Ein Officer beugte sich in einen der Einsatzwagen und zog die Sprecheinheit des Funkgerätes aus der Halterung. Er hielt sich die Sprechmuschel direkt an den Mund, um die Geräusche um ihn herum abzuschirmen. Seine Augen wanderten aufmerksam in die Runde, während er seine Meldung in das Mikrophon sprach.
„Zentrale, hallo Zentrale, kommen, hört ihr mich? Hier Wagen 37 am Capitol Hill, der angeforderte Krankenwagen kann wieder zurück zum Hospital. Wir brauchen hier einen Leichenwagen. Ende.“
„Roger“, kam es von der anderen Seite lapidar zurück.
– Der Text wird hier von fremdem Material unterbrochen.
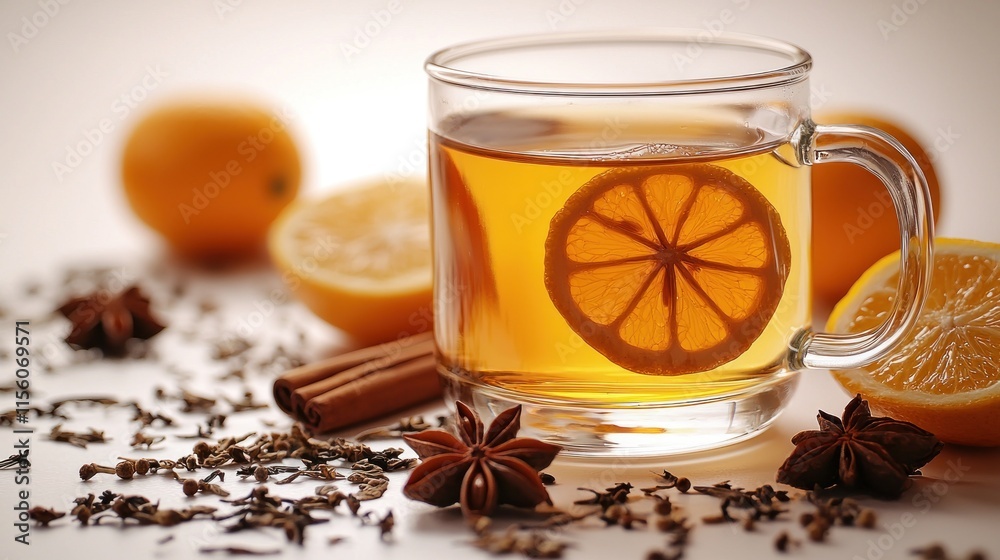Lemon tea with cinnamon, star anise, and oranges.
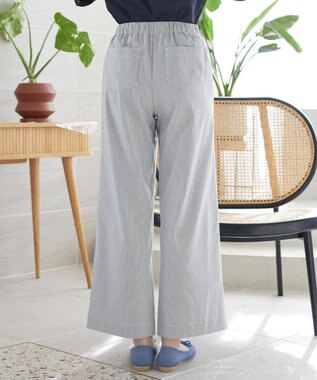 Tiaclasse ストライプストレッチワイドパンツ ブラックストライプ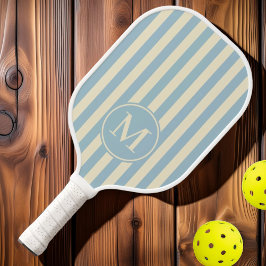 Midden-eeuwse polostreep lichte lucht monogram pickleball paddle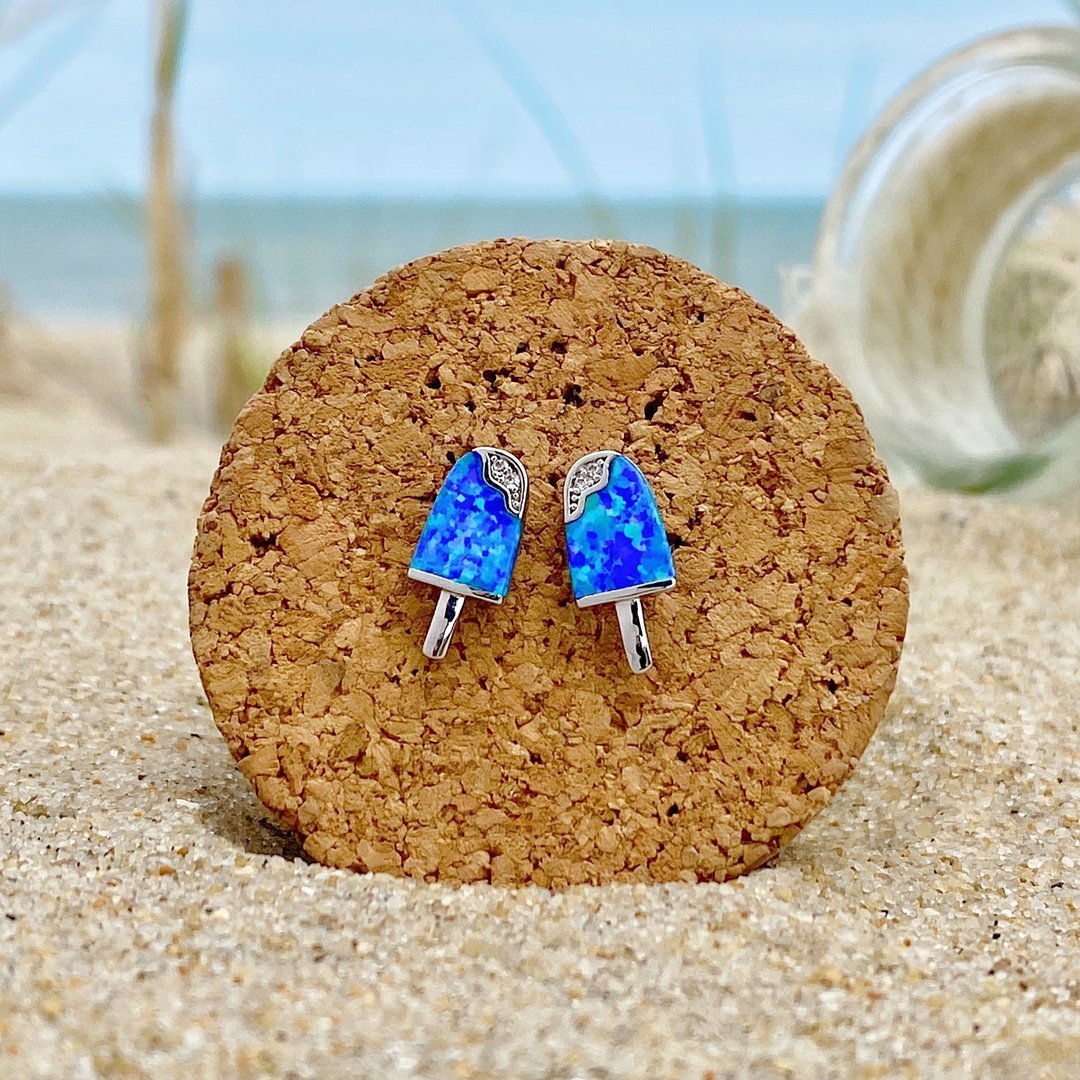 Aretes Helado en Ópalo con Plata y Oro Rosa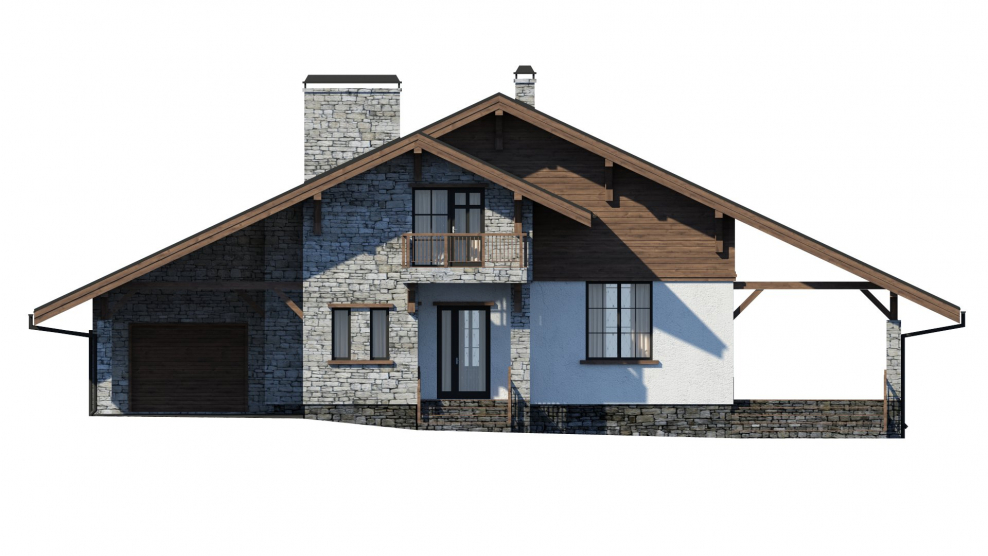 Одноэтажный дом с мансардой в стиле Шале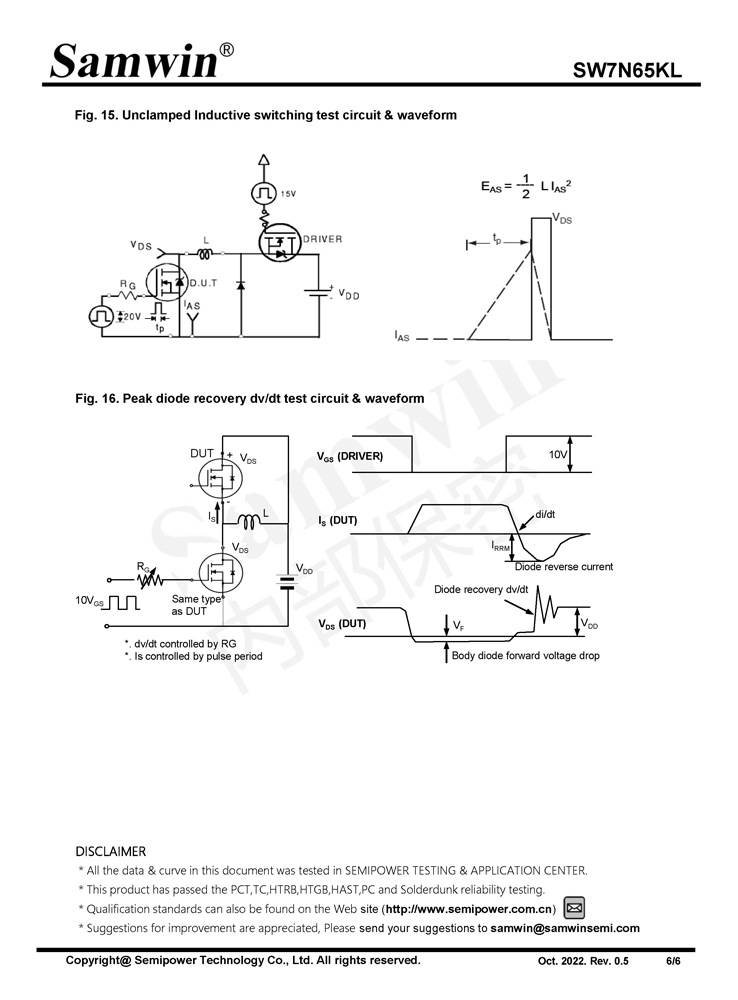 Samwin SW7N65KL N-channel Enhanced mode TO-220F/TO-252 MOSFET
Nach einem paarmaligen Knacken in der Leitung des Empfangsgerätes krächzte es aus dem Lautsprecher: „Wer ist es denn, Jack?“
„Noch nicht eindeutig identifiziert, wird auch gar nicht so leicht sein bei dem erbärmlichen Zustand - aber laut Zeugenaussage, sie sagt, sie sei seine Sekretärin, scheint es der Senator Freyman von den Demokraten zu sein.“
„Was? Der? Okay, ich sag dann mal denen in der Gerichtsmedizin, dass Kundschaft vorbeikommt.“
Schnell verbreitete sich die Nachricht unter den immer zahlreicher werdenden Umstehenden am Fuß der Treppe, dass es sich bei dem Unfallopfer mit aller Wahrscheinlichkeit um den geheimnisumwitterten Dorian Freyman handeln müsse. Um den ‚Sohn der Gräfin‘, wie ihn einige respektvoll, die anderen dagegen eher abschätzig nannten.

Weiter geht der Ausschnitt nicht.